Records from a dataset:
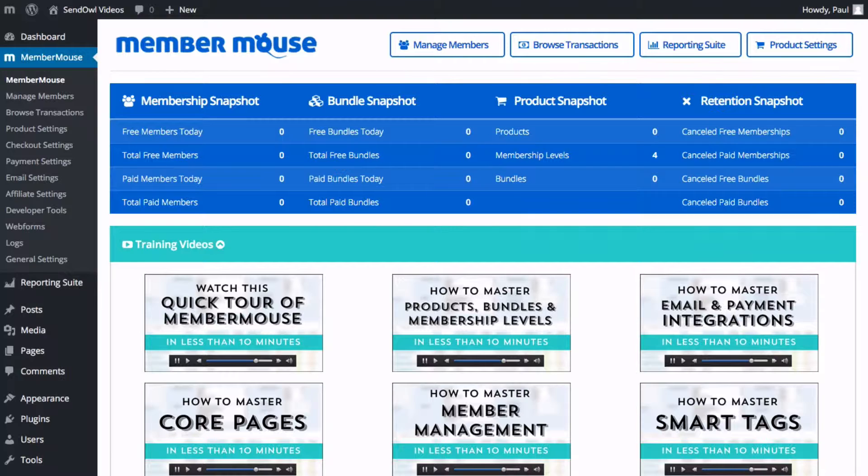It's very simple to set up but before we jump in you do need to have MemberMouse installed and working on your WordPress website. We won't be going into setting up or configuring MemberMouse itself. This is simply helping you connect Sendowl with your working MemberMouse installation.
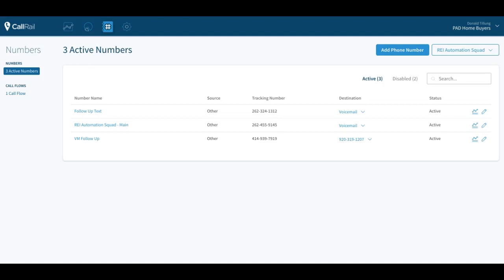Alright guys, we're going to go over how to do a call flow which will allow you to forward to your own cell phone while making sure that the voicemails are not going on your cell phone and blocking up your personal voicemail. We're going to have Call Rail voicemail coming into Podio if you have our Beast Mode CRM, otherwise you can make this go to a live answering service.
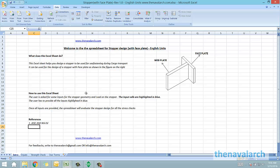Hello and welcome to this spreadsheet for stopper design created by thenavalarc.com. Stoppers are a very widely used sea fastening item for preventing the movement of cargo during transport.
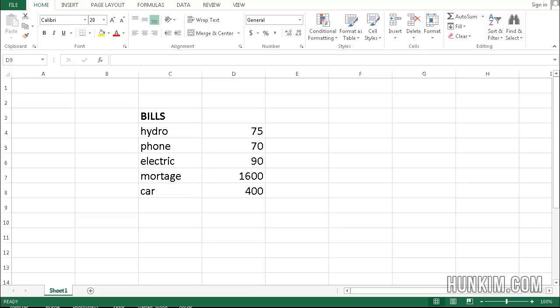Let's practice named ranges in Excel 2013. Begin by typing out some bills and their amounts.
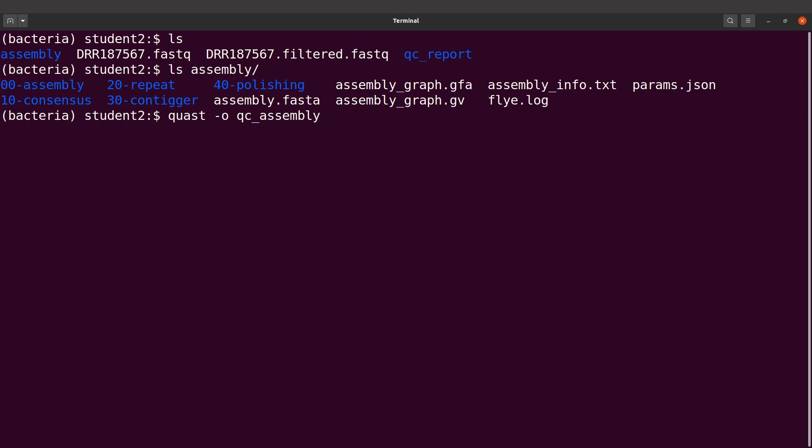I'm also going to indicate the number of threads. I'll say --threads, I'll say four. Now the threads, you can use more than four if your PC supports it. I am going to indicate the input file, which is the assembly. I'll say assembly/assembly.fasta. This is my assembly file.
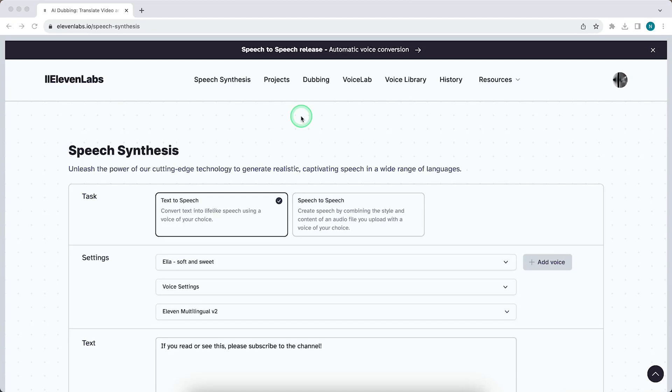Hey guys, in this video I will show you how to fix the error character limit reached within ElevenLabs.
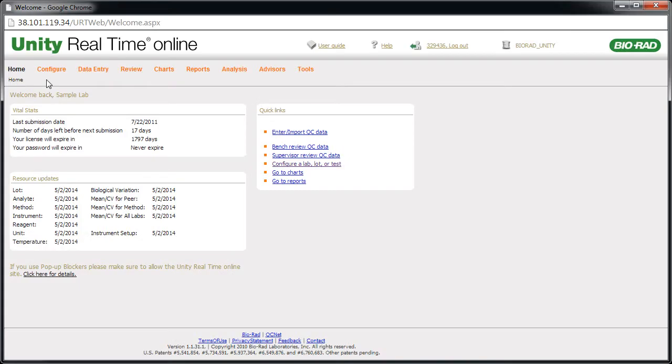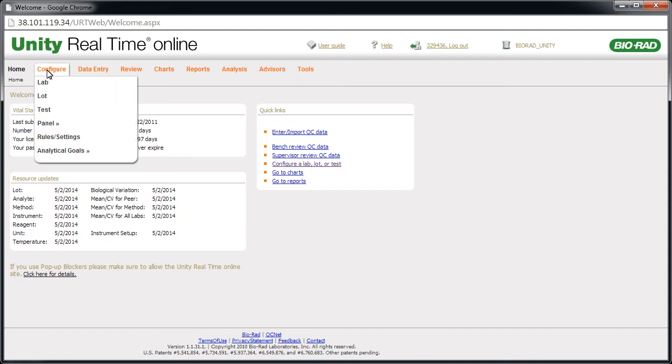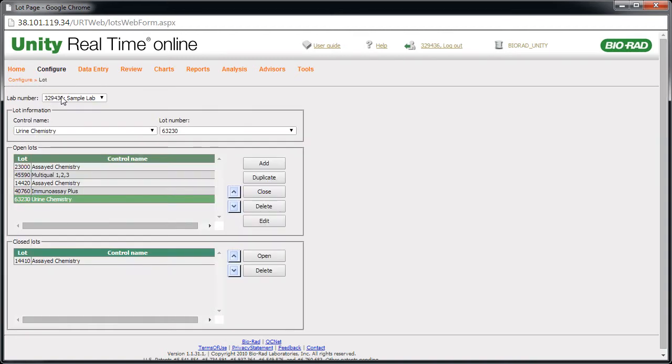Duplication copies test settings and rule selections to the new lot. To add a lot, point to Configure and click Lot. Select the control name.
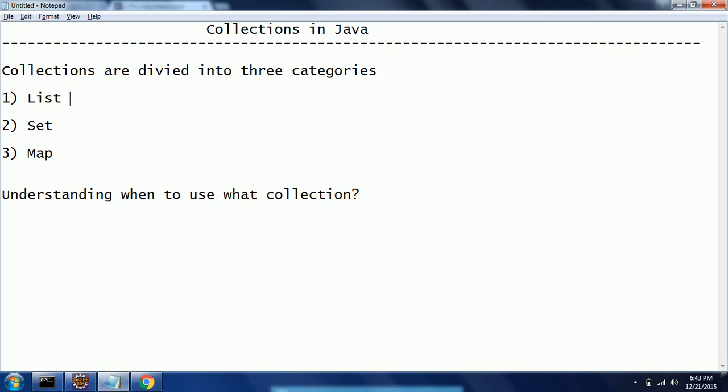And Set. Set makes sure that it does not have any duplicates in that collection. Whenever you are working with any project or any group of objects and you think that the primary requirement is to remove the duplicates and it does not matter whether it maintains insertion order, then the choice is going to be Set.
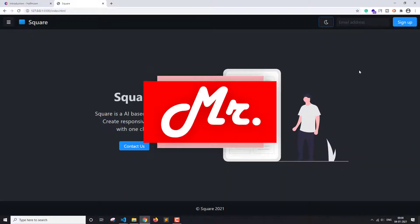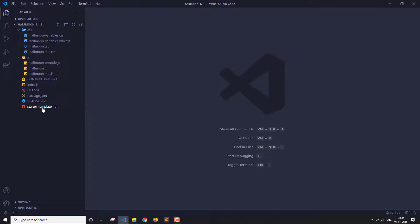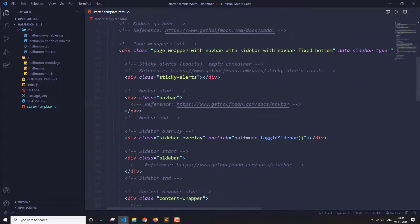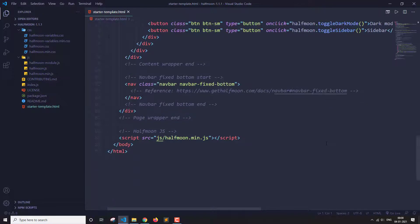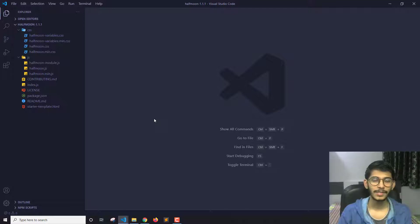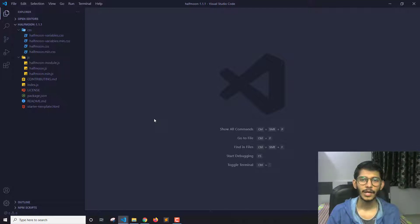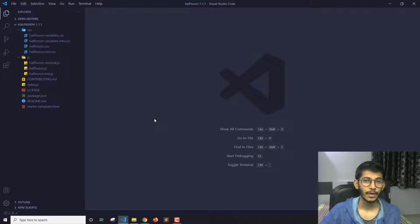Last time we saw a simple starter template dot HTML — this is what we get after we download Half Moon. Now the website that I showed you contains three different HTML pages: the first one is index.html, the second one is login.html, and so first of all let's create the first file, which is index.html.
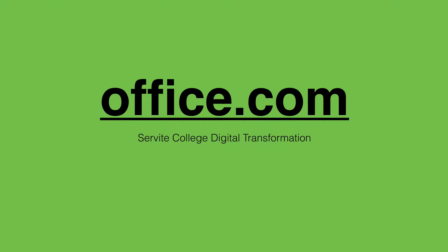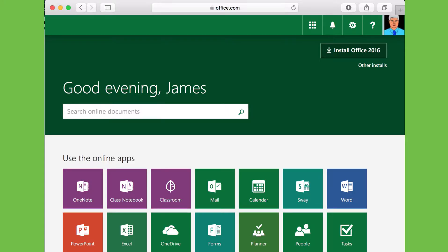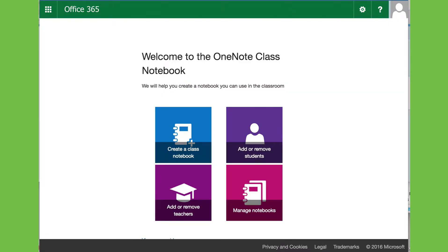All of this is done through office.com, so you go in there and you log on. When you log on there it can present something that looks like this. What we're actually looking for is the class notebook — this one here — which will then take us to the item where you can go on and do the tutorial.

## INSTRUCTIONS TO FOLLOW
In the answer, include exactly the lines from the one containing "And Set. Set" through the end of the records above and no pictures at all.

## RESPONSE BELOW
And Set. Set makes sure that it does not have any duplicates in that collection. Whenever you are working with any project or any group of objects and you think that the primary requirement is to remove the duplicates and it does not matter whether it maintains insertion order, then the choice is going to be Set.
Last time we saw a simple starter template dot HTML — this is what we get after we download Half Moon. Now the website that I showed you contains three different HTML pages: the first one is index.html, the second one is login.html, and so first of all let's create the first file, which is index.html.
All of this is done through office.com, so you go in there and you log on. When you log on there it can present something that looks like this. What we're actually looking for is the class notebook — this one here — which will then take us to the item where you can go on and do the tutorial.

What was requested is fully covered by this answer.